ASTR199 — Stellar Parameter Prediction via Deep Learning
Multi-target MLP regression on 1M+ row multi-survey astronomical catalog, with LoRA fine-tuning for M-dwarf sub-populations.
Role: Machine Learning Researcher · Advisor: Prof. Theissen, UC San Diego · Stack: Python, SQL, PyTorch, PEFT/LoRA, Scikit-learn · Year: 2026
Overview
This project develops a deep learning pipeline to predict fundamental stellar parameters — Effective Temperature (Teff), Metallicity ([Fe/H]), and Surface Gravity (log g) — from photometric catalog data. The core challenge is data quality: cross-matching disparate astronomical surveys at scale, then building models that generalize across spectral types without overfitting to the well-represented majority classes.
Data Engineering
- Cross-survey integration: Engineered a large-scale SQL pipeline to extract and cross-match 1M+ rows across disparate astronomical catalogs: Gaia, SDSS, WISE, and additional photometric surveys.
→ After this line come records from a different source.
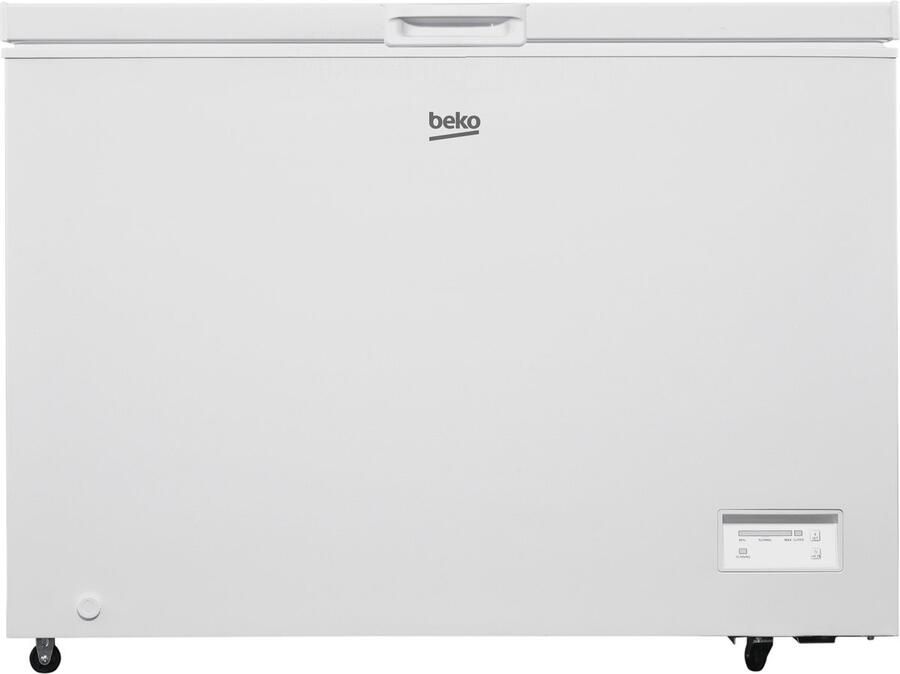 Beko CF200EWN – Vrieskist – 200 L capaciteit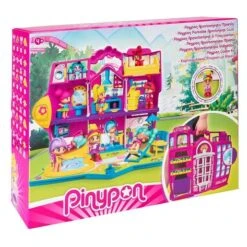 Pinypon - Apartamento Maletín -Famosa || LOL Surprise Ventas medias 1121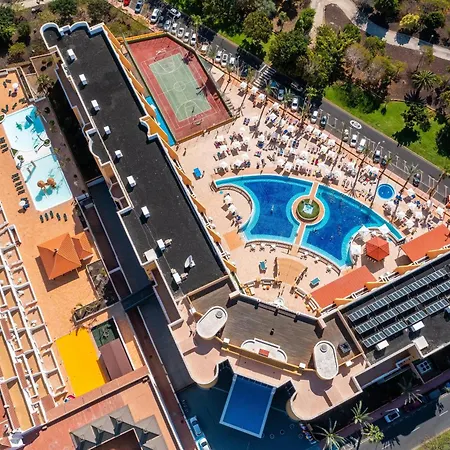 Hotel Chatur Playa Real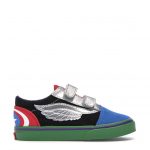 Vans Old Skool Velcro Marvel What The Avengers (TD)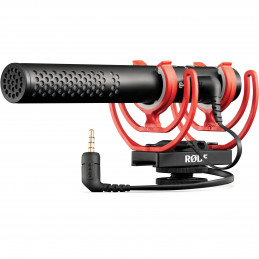 RODE VIDEOMIC NTG | Fcf Forniture Cine Foto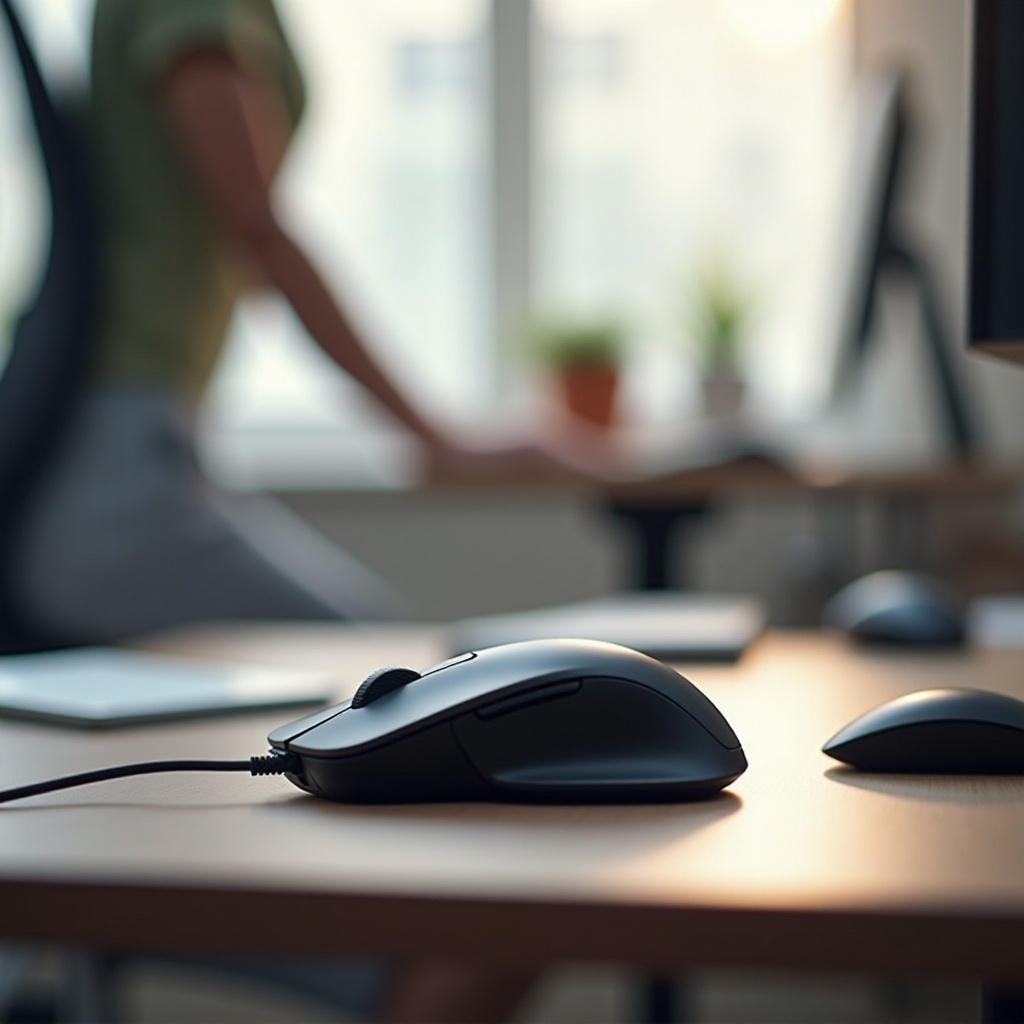 meilleure souris pour épaule de souris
- Applied strict inner joins to ensure only observations with complete, non-conflicting labels across all surveys were retained.
- Implemented Sigma Clipping for statistical outlier filtering to guarantee high signal-to-noise inputs before any modeling began.
- Validated data integrity by plotting color-magnitude diagrams (HR diagrams) and 2D color histograms to confirm expected physical correlations.
Baseline Model
- Developed a Multi-Layer Perceptron (MLP) for simultaneous multi-target regression predicting Teff, [Fe/H], and log g in a single forward pass.
- Applied stratified train-test splits across spectral types (F, G, K stars) to prevent domain overfitting to the most common stellar classes.
- Evaluated on MSE and R² per target parameter.
M-Dwarf Challenge & LoRA Fine-Tuning
M-dwarf stars (spectral type M) present a long-tail distribution problem: they are the most common stars in the galaxy but severely underrepresented in labeled catalogs, and their complex molecular absorption features confuse models trained on hotter F/G/K stars.
- Applied PEFT via LoRA to adapt the base MLP for M-dwarf sub-populations, adding a small number of trainable low-rank adapter parameters without retraining the full model.
- Fine-tuned on a specialized low-resource M-dwarf dataset.
- Result: ~20% reduction in RMSE for Teff predictions on the M-dwarf test set, demonstrating LoRA’s effectiveness as a targeted adaptation strategy for long-tail regression problems.